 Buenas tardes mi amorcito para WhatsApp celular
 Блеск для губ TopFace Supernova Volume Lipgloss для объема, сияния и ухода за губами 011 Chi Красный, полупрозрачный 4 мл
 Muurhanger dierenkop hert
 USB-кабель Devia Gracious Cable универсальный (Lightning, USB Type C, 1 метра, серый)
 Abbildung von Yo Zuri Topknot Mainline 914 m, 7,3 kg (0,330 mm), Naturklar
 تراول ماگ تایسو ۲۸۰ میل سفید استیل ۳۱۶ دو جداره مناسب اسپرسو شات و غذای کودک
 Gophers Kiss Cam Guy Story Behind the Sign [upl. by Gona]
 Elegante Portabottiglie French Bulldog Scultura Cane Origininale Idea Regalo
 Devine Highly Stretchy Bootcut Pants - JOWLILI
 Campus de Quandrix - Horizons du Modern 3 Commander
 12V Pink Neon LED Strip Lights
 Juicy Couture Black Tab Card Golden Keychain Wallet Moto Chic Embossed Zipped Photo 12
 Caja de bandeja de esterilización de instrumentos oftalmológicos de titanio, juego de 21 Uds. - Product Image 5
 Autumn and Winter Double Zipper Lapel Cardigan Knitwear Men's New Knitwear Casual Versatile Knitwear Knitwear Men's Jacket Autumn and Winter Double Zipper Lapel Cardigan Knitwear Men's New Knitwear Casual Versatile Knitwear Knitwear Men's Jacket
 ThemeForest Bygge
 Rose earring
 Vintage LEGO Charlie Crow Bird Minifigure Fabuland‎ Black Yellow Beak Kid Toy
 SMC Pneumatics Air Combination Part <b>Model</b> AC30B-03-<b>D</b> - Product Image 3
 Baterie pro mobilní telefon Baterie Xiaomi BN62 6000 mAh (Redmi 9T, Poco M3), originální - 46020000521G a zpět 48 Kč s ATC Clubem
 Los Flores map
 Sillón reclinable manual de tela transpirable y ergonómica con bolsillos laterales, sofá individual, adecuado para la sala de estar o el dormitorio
================
> **Aim of the exercise**: Read the data above. Pull out each line in which the string "Product" appears.

> **Task response**:
 Caja de bandeja de esterilización de instrumentos oftalmológicos de titanio, juego de 21 Uds. - Product Image 5
 SMC Pneumatics Air Combination Part <b>Model</b> AC30B-03-<b>D</b> - Product Image 3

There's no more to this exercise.